→ WORK TASK
For the word "Picture", find each line in the entries where it occurs and copy that line.
== DATA
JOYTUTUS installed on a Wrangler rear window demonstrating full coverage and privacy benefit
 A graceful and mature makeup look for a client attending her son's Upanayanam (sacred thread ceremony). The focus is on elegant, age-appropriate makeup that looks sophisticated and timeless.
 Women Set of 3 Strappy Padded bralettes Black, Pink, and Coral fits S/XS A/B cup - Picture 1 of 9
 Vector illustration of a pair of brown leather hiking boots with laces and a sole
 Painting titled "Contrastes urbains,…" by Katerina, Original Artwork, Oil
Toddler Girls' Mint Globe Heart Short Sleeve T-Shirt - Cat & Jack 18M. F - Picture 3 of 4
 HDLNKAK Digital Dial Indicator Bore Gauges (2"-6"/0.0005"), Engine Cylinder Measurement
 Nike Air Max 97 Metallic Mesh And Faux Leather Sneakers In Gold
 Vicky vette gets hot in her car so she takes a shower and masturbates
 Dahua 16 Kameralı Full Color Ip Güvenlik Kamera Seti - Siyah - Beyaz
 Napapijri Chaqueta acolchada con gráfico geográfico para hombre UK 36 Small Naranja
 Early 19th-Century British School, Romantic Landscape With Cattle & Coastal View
====
→ ANSWER AREA
 Women Set of 3 Strappy Padded bralettes Black, Pink, and Coral fits S/XS A/B cup - Picture 1 of 9
Toddler Girls' Mint Globe Heart Short Sleeve T-Shirt - Cat & Jack 18M. F - Picture 3 of 4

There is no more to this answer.